7digital software developer Mia Filisch attended the October 28th Velocity conference in Amsterdam. She was kind enough to share her account of the core takeaways here with us. She found that the core recurring theme around security was enough to inspire some internal knowledge sharing sessions she has already started scheming on. The diversity of insights led to a productive and informative conference. See below for her notes.

 

Key takeaways from specific sessions:

Docker Tutorial (John Willis)

  • If you haven’t worked much with Docker yet, the slides for this tutorial might be useful to you - they are a general walk-through with both explanation of concepts, products, some hints at best practices and practical exercises for consolidation: https://www.dropbox.com/s/ofxgoout0287ca8/Docker_Training%20-%20Base%20Copy.pdf

  • Be aware it’s pretty long (at Velocity the session took 3hs and that was with him actually skipping all the exercises), but it really does cover a lot.

 

Using Docker Safely (Adrian Mouat)

 

Tracking Vulnerabilities In Your Node.js Dependencies (Guy Podjarny & Assaf Hefetz)

 

Managing Secrets At Scale (Alex Schoof)

  • Hugely valuable talk, well worth reviewing. Slides are here.
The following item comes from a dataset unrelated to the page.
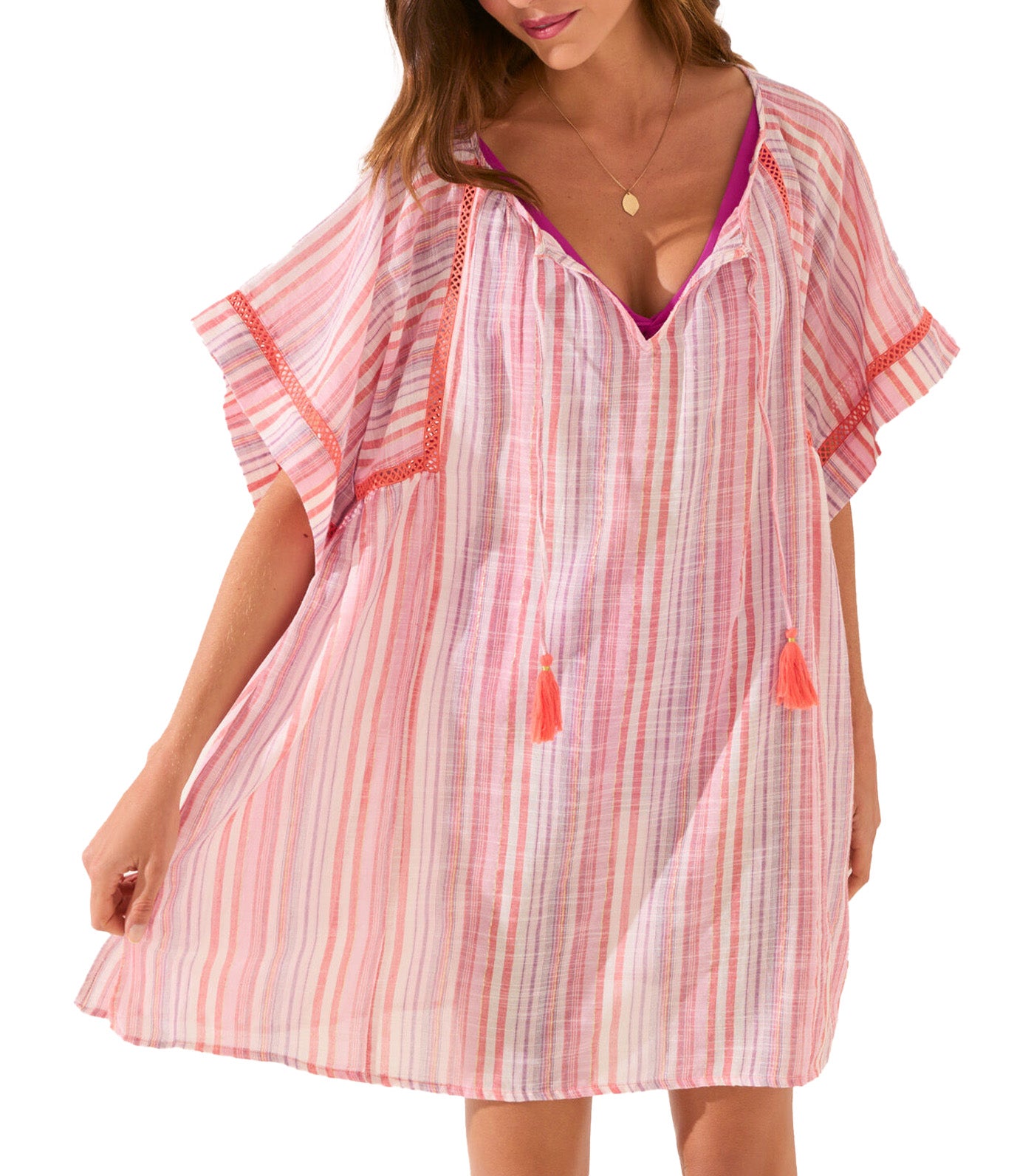 Short Tunic Striped Dress Print Multi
  • Some key considerations:

    • Secrets are everywhere, whether we think of them or not

    • As an industry, we don’t currently tend to manage secrets very well (even when bearing in mind that security is always about trade-offs)

    • Secret management should be considered tier 0 / core infrastructure (should be highly available, have monitoring, alerting and access control)

  • In light of this, Schoof proposed the following core principles of modern secret management:

    1. The set of actors who can do something should be as small as possible
    2. Secrets need to expire (set up efficient, easy ways to do secret rotation - this shouldn't require a deploy) ((This also implies that secrets shouldn't be in version control))
    3. It should be easier to handle secrets in secure ways than insecure ways
    4. Security of a system is only as strong as its weakest access link
    5. Secrets must be highly available (as they will stop the basic functioning of apps if they aren't)
  • The talk went on to discuss all the various aspects of building a secret management system, which I’ll leave up to you to follow along via the slides, it was quite interesting.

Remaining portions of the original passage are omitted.